A. Isaiah’s prophecy of judgment in Isa. 22 begins with a moment of joy for Jerusalem (vs. 1-2). Jerusalem was scared by the military successes of Assyria within the country of Judah. 2 Kings 18:13: “In the fourteenth year of King Hezekiah, Sennacherib king of Assyria came up against all the fortified cities of Judah and took them.” Jerusalem’s joy came after a deliverance from the Assyrians.
B. But Isaiah had no joy. Isaiah 22:4: “Look away from me; let me weep bitter tears.” Isaiah could see that another nation would come for Jerusalem in years to come: the Babylonians. The Babylonians were allied with the people of Elam mentioned in vs. 6. And when the Babylonians came, we read what judgment would happen to Jerusalem in vs. 3. The city had no faith in God. They did not trust in God to protect them. They trusted in themselves and their resources.
II. Your sin of self-sufficiency is seen in your desire for recognition.
A. In vs. 15-19 we see an individual example of self-sufficiency in a government official named Shebna. Shebna was over King Hezekiah’s household, he was what we might call a prime minister to the king. But in God’s mind, Shebna was just a little, tiny nothing of a steward (vs. 15). He was building this great tomb for himself so that he might be recognized and honored after his death (vs. 16).
B. Here was a politician who was all about the greatness of me. He loved to ride around Jerusalem in his glorious chariots (vs. 18). And one of Shebna’s great ideas that he shared with Judah’s other leaders was to make an alliance with the useless Egyptians to protect Jerusalem against Assyria (Isa. 30 & 31). God promised judgment on Shebna. God would throw him away like a ball (vs. 18). Shebna would be demoted from his office (vs. 19) in disgrace.
III. Your sin of self-sufficiency is seen in your trust of mere humans.

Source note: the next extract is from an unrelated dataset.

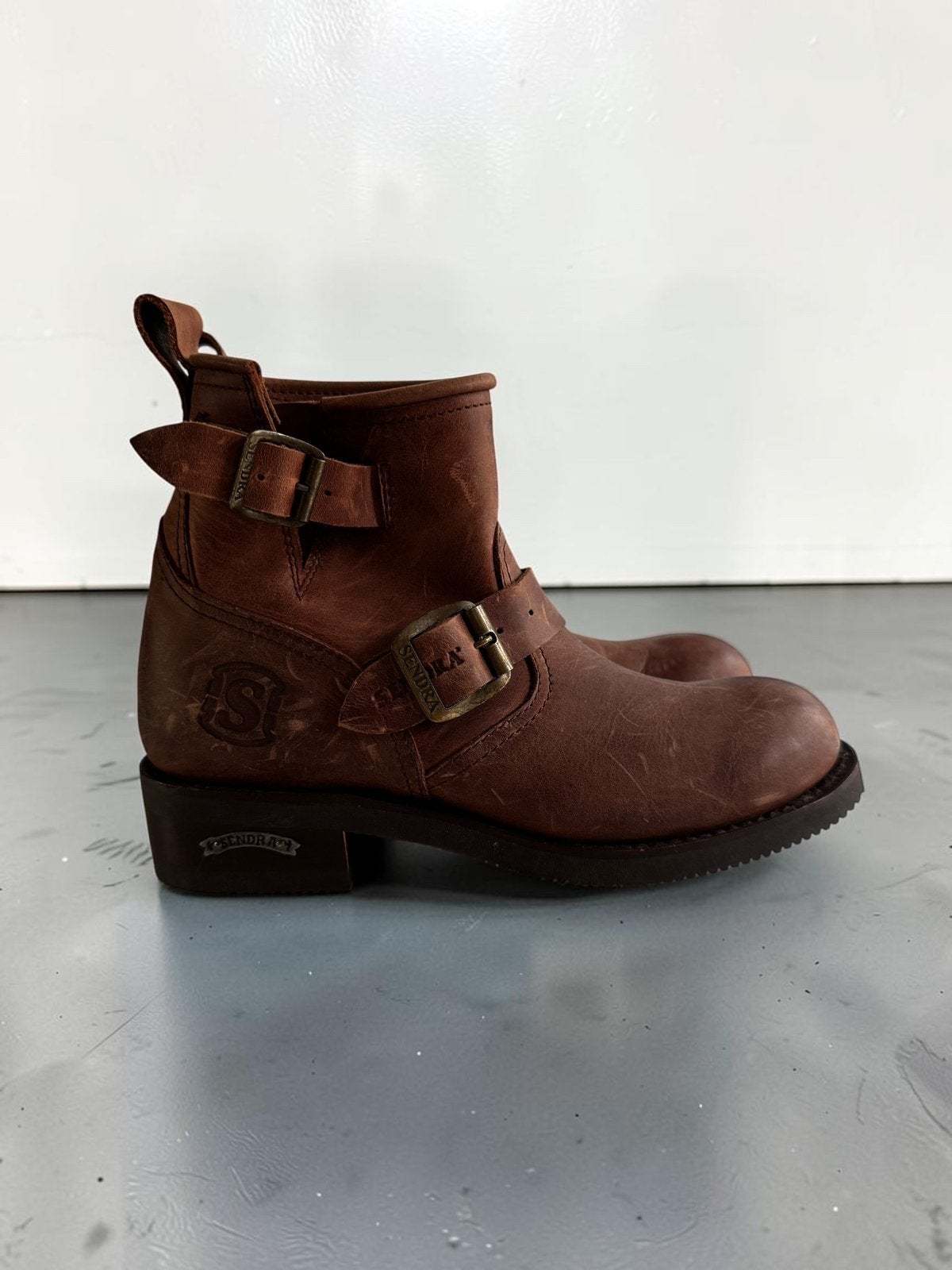 Sendra biker boots bruin leer boots laarzen gesp maat 38, Hoge laarzen, Bruin, Ophalen of Verzenden, Zo goed als nieuw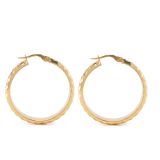 9k Yellow Gold Large Wide Faceted Hoop Earrings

A. Shebna was going to be replaced by Eliakim (vs. 20-21). Unlike Shebna, Eliakim would be a good leader. He would be given authority and use that authority well (vs. 21). God would call Eliakim “my servant” (vs. 20). He would be faithful in His service to God. Eventually, Eliakim would either die or retire (vs. 25). No human being is sufficient to put the full weight of your trust in him. When you sin, confess it to God. 1 John 1:9: “If we confess our sins, he is faithful and just to forgive us our sins and to cleanse us from all unrighteousness.”
Don’t trust yourself for your salvation. Trust Jesus. He is the Savior you need.
The book of Isaiah
Commentaries by J.A. Motyer, Derek Thomas, Tim Chester, David Jackman, Bob Fyall.
Sermon Discussion Questions
1) Why is it surprising that Jerusalem was called the valley of vision? How does Isaiah’s sorrow and Jerusalem’s joy reveal the city’s lack of vision over what God was doing?
2) What accusations are brought against Jerusalem in vs. 8-11? How do these verses reveal what Jerusalem trusted in rather than God?
3) What is the unforgivable sin of vs. 14? How is Shebna an example of such sin? Why was even a good leader like Eliakim inadequate to put your trust in?